• [What needs to be done]:
Without including any images, reproduce each entry exactly.

• [Dataset records]:
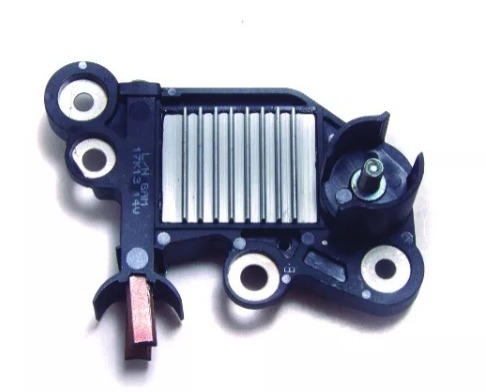 2 TRG-220703 - Image 1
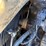 2022-doosan-dx235-lcr-5-image-60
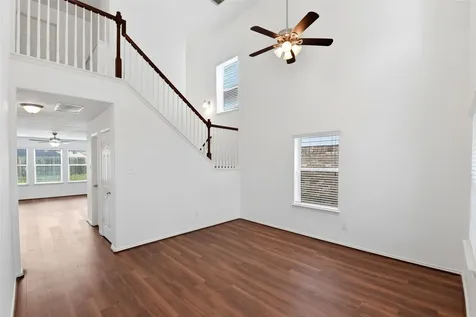 5342 Gibralter Place Richmond TX 77407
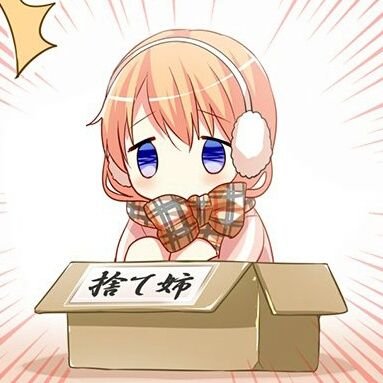 むーろん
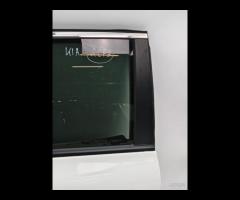 PORTA PORTIERA POSTERIORE DESTRA KIA E-NIRO I 2016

• [Output of the task]:
 2 TRG-220703 - Image 1
 2022-doosan-dx235-lcr-5-image-60
 5342 Gibralter Place Richmond TX 77407
 むーろん
 PORTA PORTIERA POSTERIORE DESTRA KIA E-NIRO I 2016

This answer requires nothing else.